All of the listing must be given again exactly, except that the images are dropped.

Stored data —
Content starts

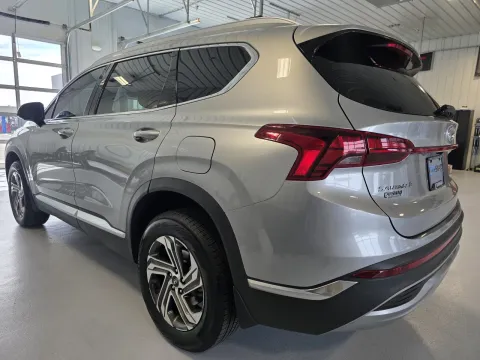 More photos of 2022 Hyundai Santa Fe SEL at CarSwap, SD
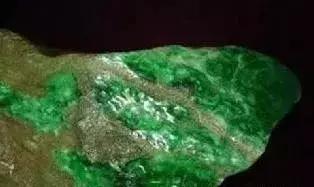 翡翠手镯绿色变浅了扩散了翡翠手镯绿色呈带状-第11张图片-翡翠网 翡翠手镯绿色变浅了扩散了翡翠手镯绿色呈带状-第11张图片-翡翠网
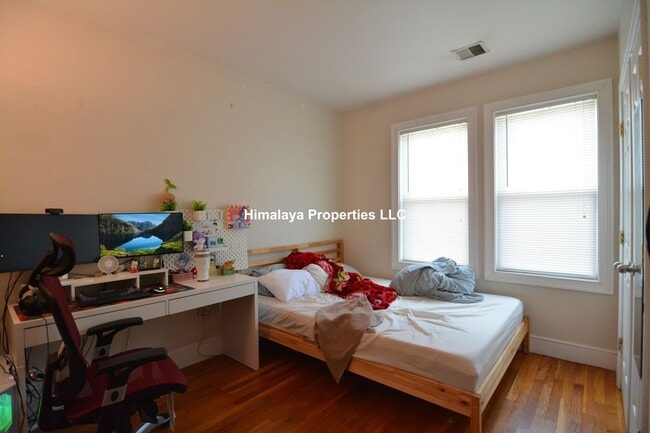 Building Photo - 220 Calumet St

Content ends

Result —
 More photos of 2022 Hyundai Santa Fe SEL at CarSwap, SD
 翡翠手镯绿色变浅了扩散了翡翠手镯绿色呈带状-第11张图片-翡翠网 翡翠手镯绿色变浅了扩散了翡翠手镯绿色呈带状-第11张图片-翡翠网
 Building Photo - 220 Calumet St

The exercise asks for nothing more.